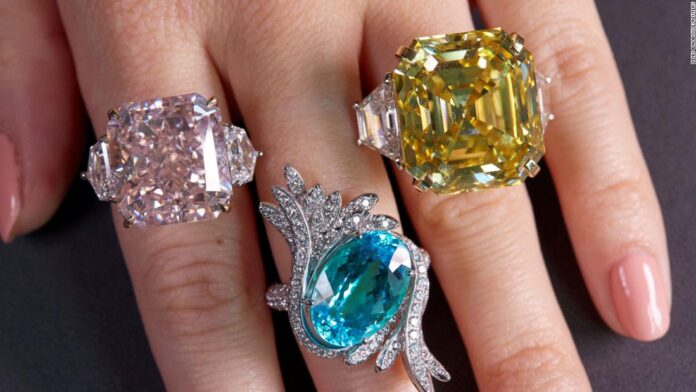 royal-jewels-smuggled-out-of-russia-during-1917-revolution-go-on-sale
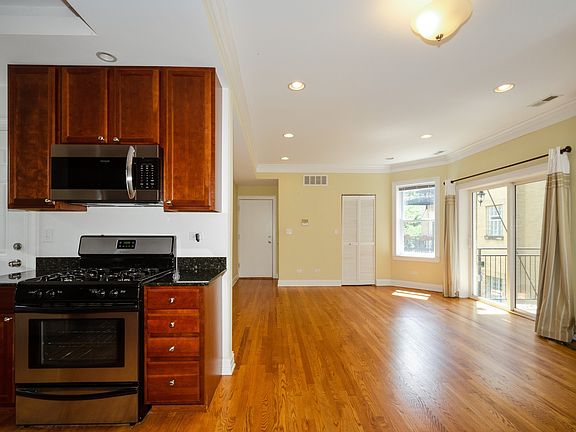 5th image of 7054 N Damen Ave #2
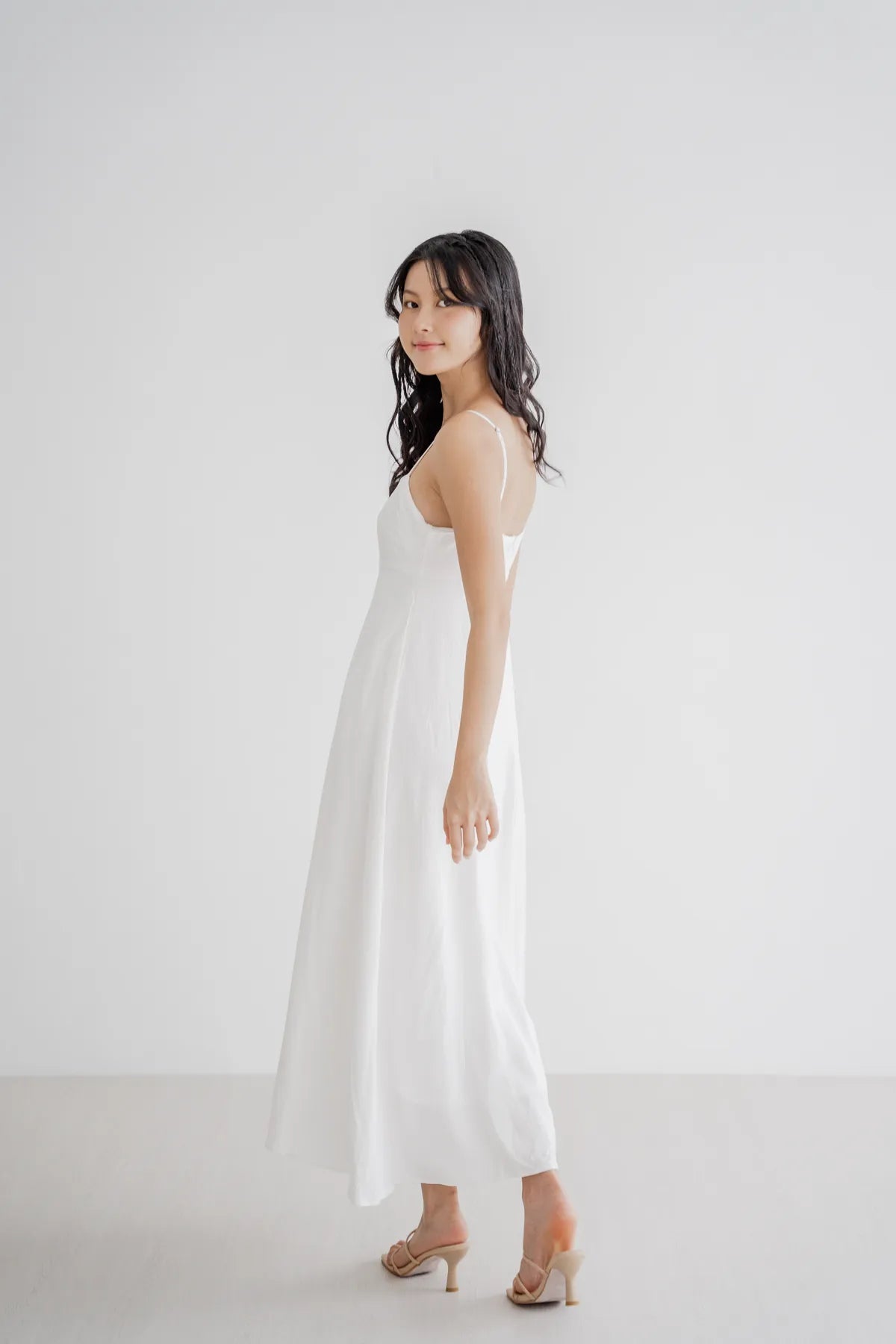 Ariel Linen Swing Maxi Dress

Goal of the exercise >>
Every last line above must be reproduced as written, and no pictures belong in the copy.

Result of this exercise >>
 royal-jewels-smuggled-out-of-russia-during-1917-revolution-go-on-sale
 5th image of 7054 N Damen Ave #2
 Ariel Linen Swing Maxi Dress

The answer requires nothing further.